Without -a, you can choose which patches you want to get.

Recording local changes

Since every copy is a repository, you can have local version control of your changes.

If you have added files, you first need to tell your local repository to keep them under revision control:

  $ darcs add file1 file2 ...

To record changes, use:

  $ darcs record

This creates a patch against the previous version and stores it in your local repository. You can record any number of changesets before pushing them to the main repo. In fact, you don't have to push them at all if you want to keep the changes only in your local repo.

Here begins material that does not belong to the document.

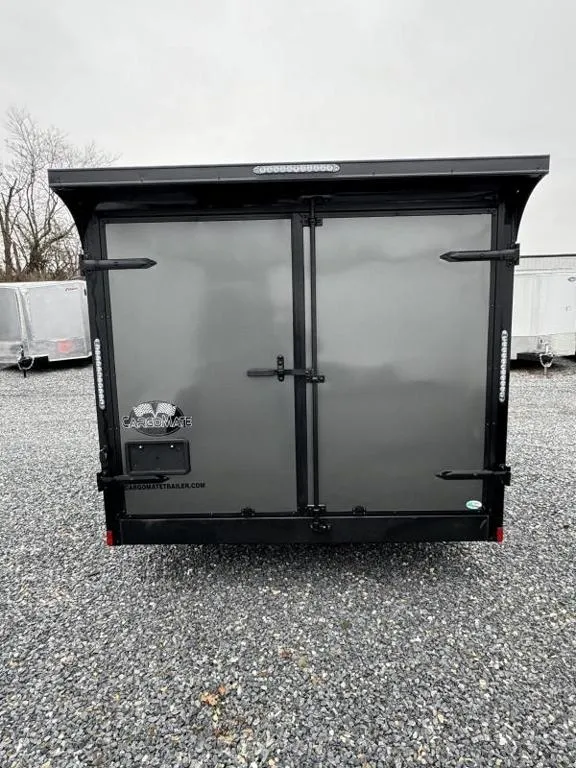 new Cargo (Enclosed) Trailers Cargo Mate  for sale, in Carlisle, PA Thumbnail 13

If you think there are too many questions about what to record, you can use the -a flag to record. Or answer a to the first question. Both of these record all the changes you have in your local repository.

Submitting patches

If you are using read-only access, send your patches by email to someone with write-access. First record your changes in your local repository, as described above. You can send any number of recorded patches as one patch bundle. You create the patch bundle with:

  $ darcs send -o mypatch.patch
  $ gzip mypatch.patch

(where mypatch is hopefully replaced by a slightly more descriptive name). Since some e-mail setups change text attachments (most likely by changing the newline characters) you need to send the patch in some compressed format, such as GZIP, BZIP2 or ZIP.

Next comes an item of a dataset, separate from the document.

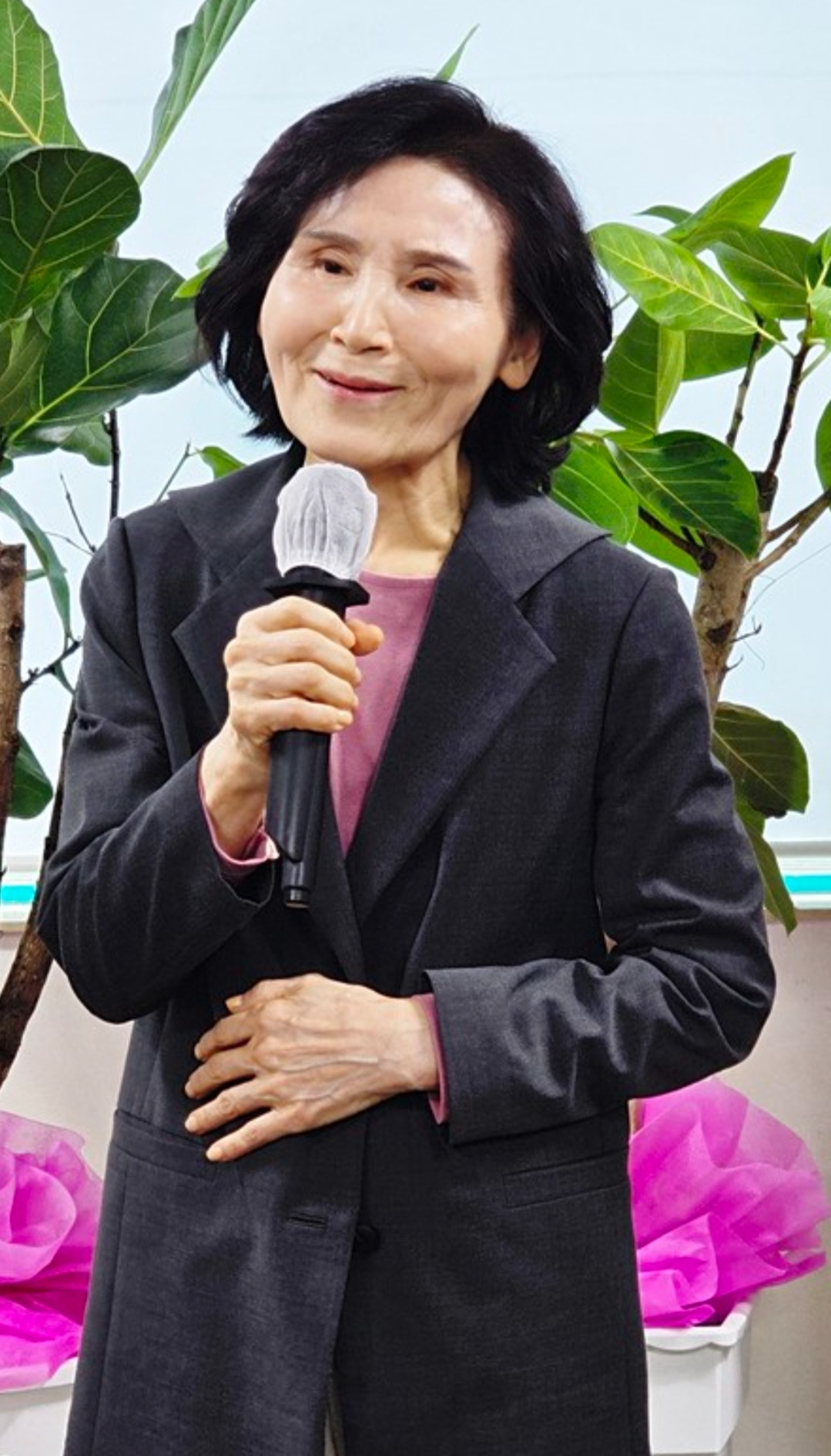 설난영 김혜경 발언 논란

Send it as an e-mail attachment. If you have sendmail or something equivalent installed, it is possible to send the patch directly from darcs. If so, replace -o mypatch.patch with --to=EMAIL where EMAIL is the address to send it to.

Read-write access

If you have a user account on code.haskell.org, you can get read-write access over SSH to the GF repository. To get an account, http://community.haskell.org/admin/account_request.html fill out this. Once you have an account, ask <bringert@cs.chalmers.se> to add you to the gf project.

Getting a fresh copy

Get your copy with (all on one line), replacing bringert with your own username on code.haskell.org:

  $ darcs get --partial --set-scripts-executable bringert@code.haskell.org:/srv/code/gf

The option --partial means that you do not download all of the history for the repository. This saves space, bandwidth and CPU time, and most people don't need the full history of all changes in the past.

Getting other people's changes?

Get all new patches from the main repo:

  $ darcs pull -a

Without -a, you can choose which patches you want to get.

Commit your changes

There are two steps to commiting a change to the main repo. First you have to record the changes that you want to commit, then you push them to the main repo.

For instructions on recording your changes locally, see "Recording local changes" above.

Then you can push the patch(es) to the main repo. If you are using ssh-access, all you need to do is:

  $ darcs push

If you use the -a flag to push, all local patches which are not in the main repo are pushed.

Apply a patch from someone else

Use:

  $ darcs apply < mypatch.patch

This applies the patch to your local repository. To commit it to the main repo, use darcs push.